Ce ministre a précisé que le gouvernement intérimaire irakien avait donné son accord à cette participation arabe, tout comme il a accepté la proposition pakistanaise de se joindre à cette force.
En revanche, a ajouté ce ministre, « parmi les forces de maintien de la paix, chargées de rétablir la sécurité en Irak, il y aura essentiellement des unités de l’Otan, et si des pays arabes souhaitent y participer, l’Irak s’est dit prêt à accueillir leurs troupes à condition qu’elles ne soient pas de pays riverains, qu’elles soient arabes ou pas ».
La Jordanie « n’enverra pas de forces en Irak », avait réaffirmé mardi à Istanbul le chef de la délégation jordanienne à la réunion de l’OCI, Salah Bashir, ministre de la Justice, interrogé par l’AFP.
« Nous n’enverrons pas de forces en Irak et nous sommes contre l’engagement de troupes de pays voisins de l’Irak dans ce pays », a affirmé M. Bashir en réaction à l’invitation adressée par le secrétaire général de l’Otan, Jaap de Hoop Scheffer, aux pays arabes de participer à une force multinationale en Irak. M. de Hoop Scheffer a indiqué mardi dans un entretien publié par le quotidien français “Le Monde” qu’il espérait « que des pays arabes participeront à la force multinationale ».
Des délégués d’autres pays riverains de l’Irak ont affirmé à l’AFP qu’ils avaient une position commune sur la question et s’opposaient à l’envoi de troupes en Irak. Cette position a été réaffirmée lors d’une réunion informelle mardi à Istanbul entre le ministre irakien des Affaires étrangères, Hoshyar Zebari, et des représentants des six pays riverains et de l’Egypte, qui ont examiné les moyens de renforcer la sécurité en Irak, notamment un meilleur contrôle des frontières.
Le chef de la diplomatie irakienne a affirmé à l’AFP que cette réunion avait été axée sur les moyens de « consolider la stabilité et la sécurité en Irak par une meilleure coopération et coordination au niveau du contrôle des frontières ».
Les forces de la coalition ont récemment intercepté des groupes armés qui tentaient de pénétrer en Irak, notamment en provenance d’Iran, pour rejoindre les rangs de la guérilla.

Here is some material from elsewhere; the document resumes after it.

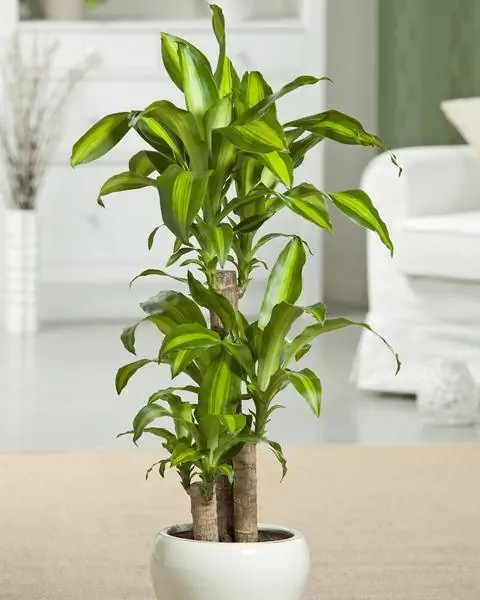 Драцена душистая 'Massangeana'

Outre M. Zebari, la rencontre d’Istanbul réunissait les ministres des Affaires étrangères de la Turquie, de la Syrie, de l’Iran, du Koweït, ainsi que le ministre de la Justice de Jordanie et les numéros deux des Affaires étrangères de l’Arabie saoudite et de l’Egypte.
Ces réunions se tiennent tous les trois mois depuis janvier 2003 et le nouveau gouvernement intérimaire irakien a fait savoir qu’il « n’est pas opposé en principe à la poursuite de leur tenue, à condition qu’elles ne constituent pas une ingérence dans ses affaires internes », a dit un responsable sous couvert de l’anonymat.
La prochaine réunion formelle aura lieu fin juillet en Egypte.